Thursday, May 7, 2020

The problem with inconsistent and unlabeled scales

One of the strategies to come up with novel ways to display data is to combine existing graphic forms. This morning The New York Times published a story titled 'Most States That Are Reopening Fail to Meet White House Guidelines' that contains a series of square equal area cartograms that are, at the same time, trellis charts. The piece is really nice.

There's something about it that worries me a bit, though: charts don't have scales. Removing scales from graphics seems to be getting more popular lately among data journalists, and it works in some cases here: some of these charts have horizontal reference lines—see animation on the right—that help you get a sense of proportion and variation.

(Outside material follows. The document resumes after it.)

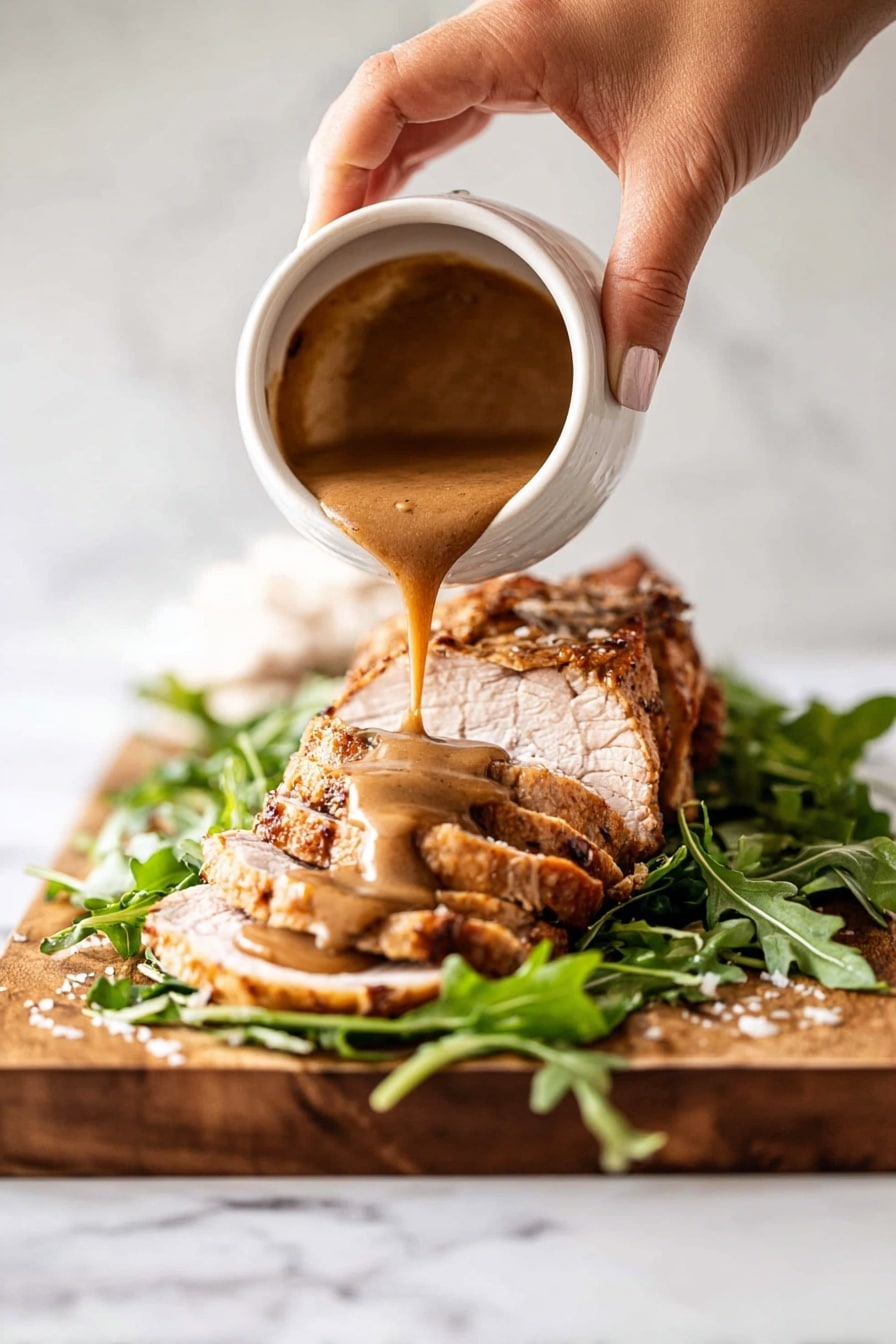 A golden-brown roasted loaf with a crispy, textured outer layer sits on a wooden board, surrounded by fresh green arugula leaves that add a pop of color around the edges. The loaf's surface shows a crisscross pattern of browning, indicating it has been cooked evenly and has a crunchy crust. In the lower right corner, a white bowl with a curved edge holds a smooth, brown sauce topped with white sesame seeds. The whole setup rests on a white marbled surface. photo taken with an iphone --ar 2:3 --v 7 - Asian Sesame Soy Turkey Roast, turkey roast with Asian marinade, easy turkey roast recipe, flavorful holiday turkey, tender roasted turkey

But the following set of line charts lacks any reference and, moreover, it seems that each one is based on a different scale: New York has more daily confirmed cases than Florida—thousands versus hundreds—but the last point on Florida's line is higher than New York's. New Hampshire has a 7-day average of around 100 cases; Maine has a bit more than 20. I understand that the goal of these graphics is to reveal upward and downward trends, not the case count itself, but I fear that this design choice may mislead some readers:

Here are those charts with scales:

What could be an alternative here, I wonder? It's tricky. There might not be an ideal solution, as it often happens in visualization; adding detailed labels would clutter these tiny charts. Perhaps not to show daily new confirmed cases, but some sort of index—percentage change based on a common starting point for all states,—or the variation in comparison to the previous day or week?